■ PROBLEM REQUIREMENTS ■
There are pictures in the records below; leave them out and set down exactly the lines from the one holding "Jinhae Yeojwacheon Stream (Changwon)" through the one holding "How to Draw".
Segment Start: GIVEN DATA
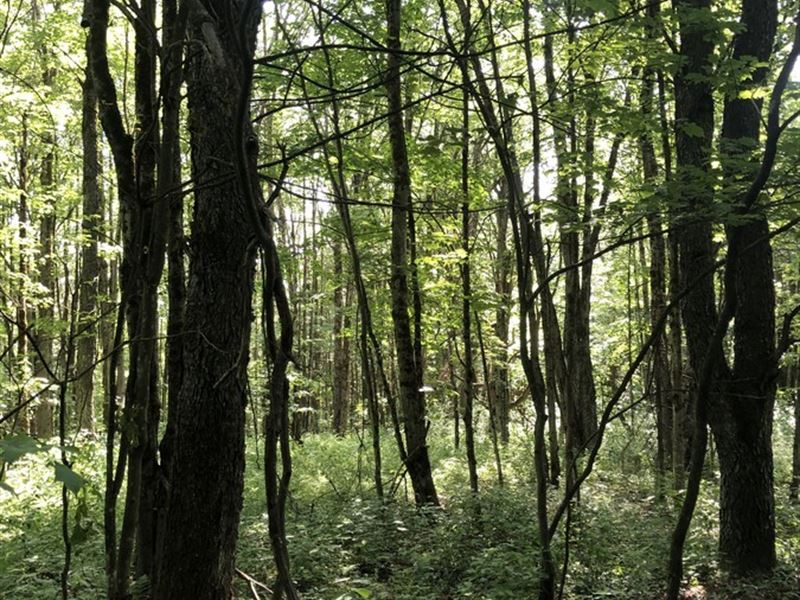 Borders O'hara State Forest : Redfield : Oswego County : New York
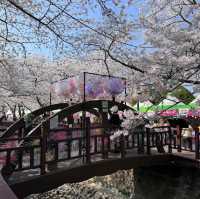 Jinhae Yeojwacheon Stream (Changwon)
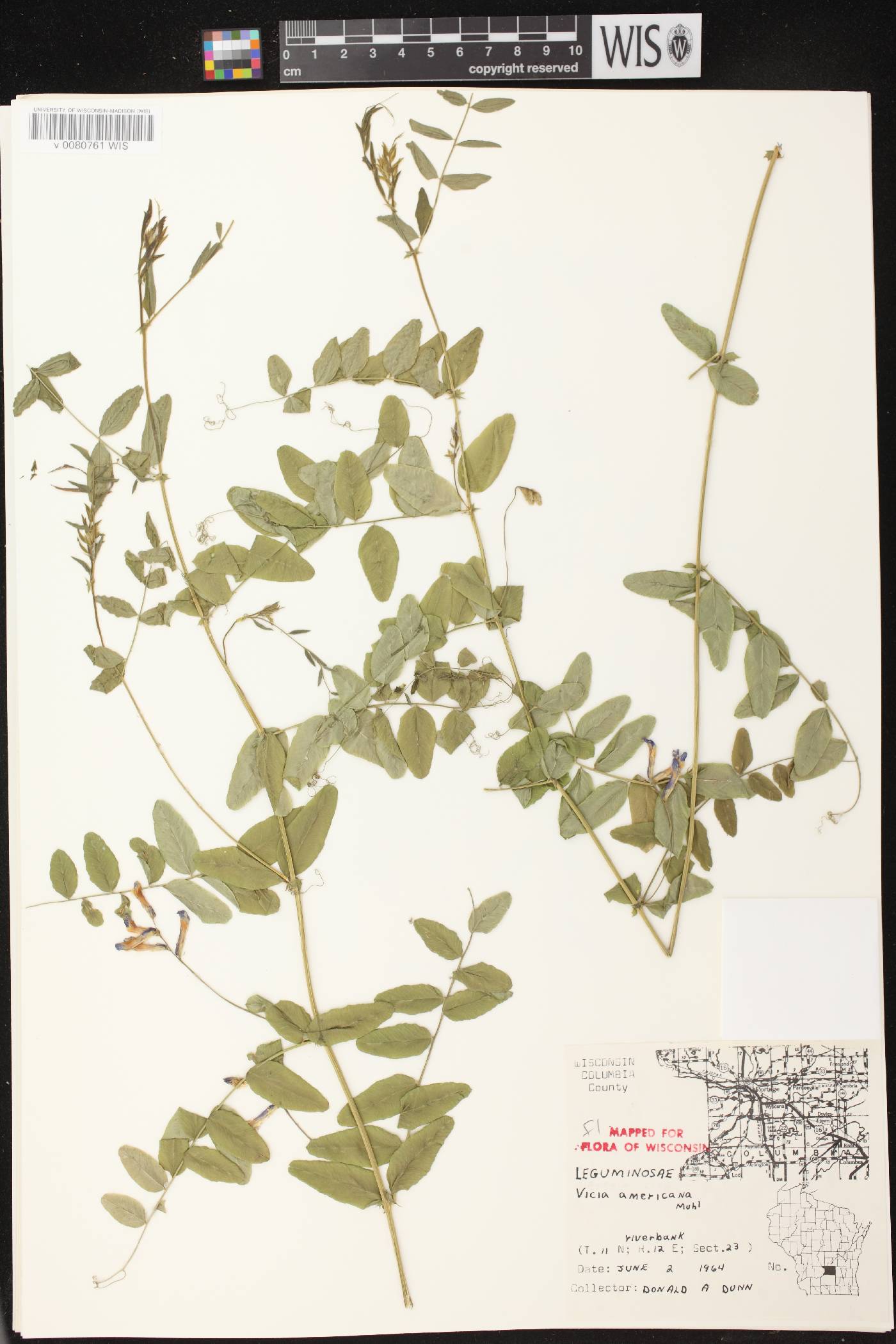 Vicia americana subsp. americana image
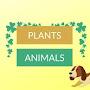 Plants&Animals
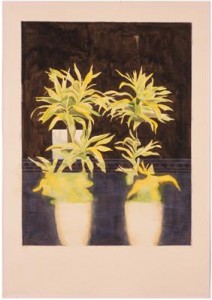 zonder titel (plant achter plakplastic) zonder titel (plant achter plakplastic)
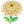 How to Draw a Chrysanthemum – Easy Step-by-Step Flower Drawing for Kids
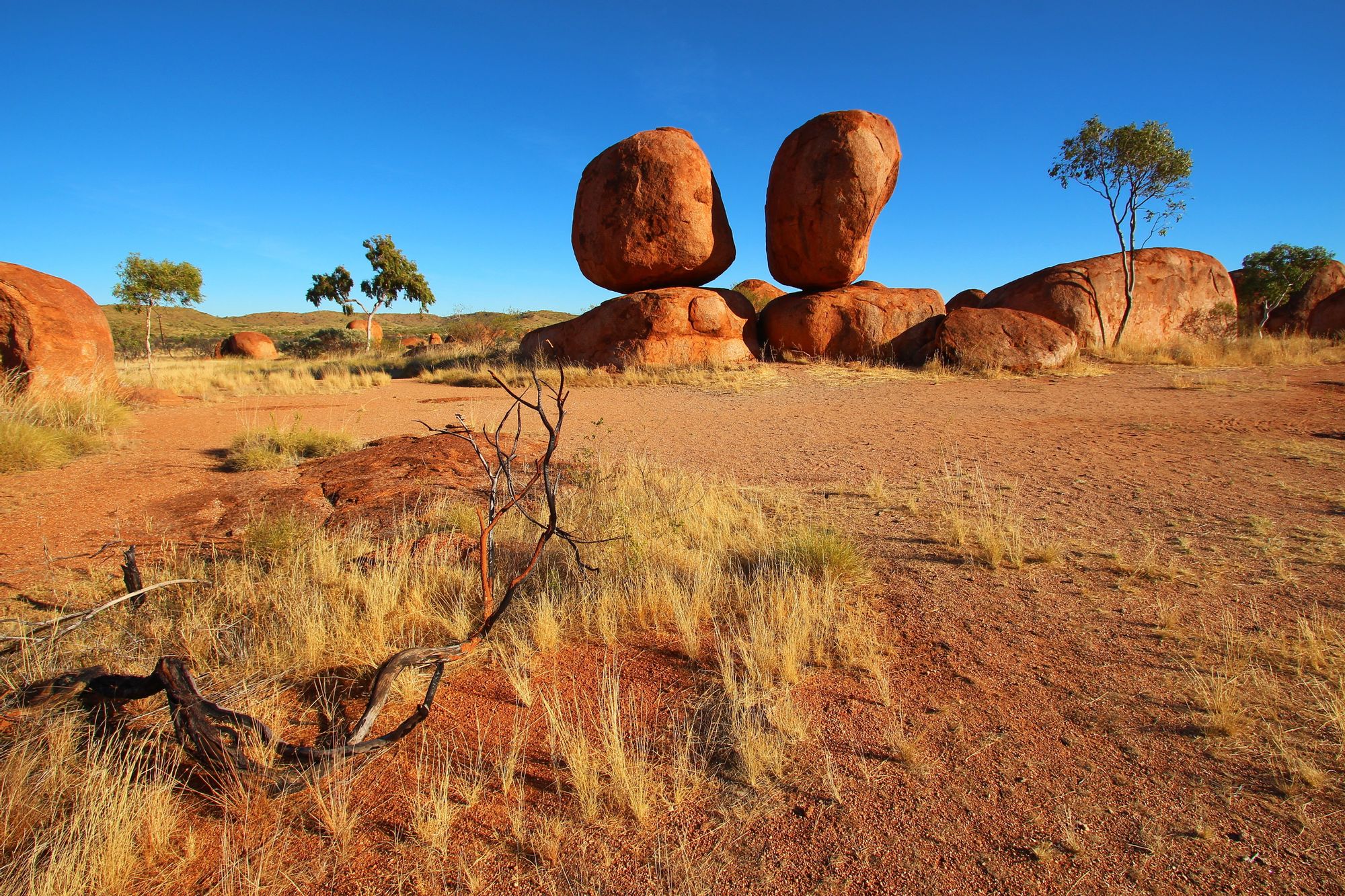 Greyhound Tennant Creek สถานีภายใน Tennant Creek, Australia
Segment End: GIVEN DATA
■ OUTPUT OF THE TASK ■
 Jinhae Yeojwacheon Stream (Changwon)
 Vicia americana subsp. americana image
 Plants&Animals
 zonder titel (plant achter plakplastic) zonder titel (plant achter plakplastic)
 How to Draw a Chrysanthemum – Easy Step-by-Step Flower Drawing for Kids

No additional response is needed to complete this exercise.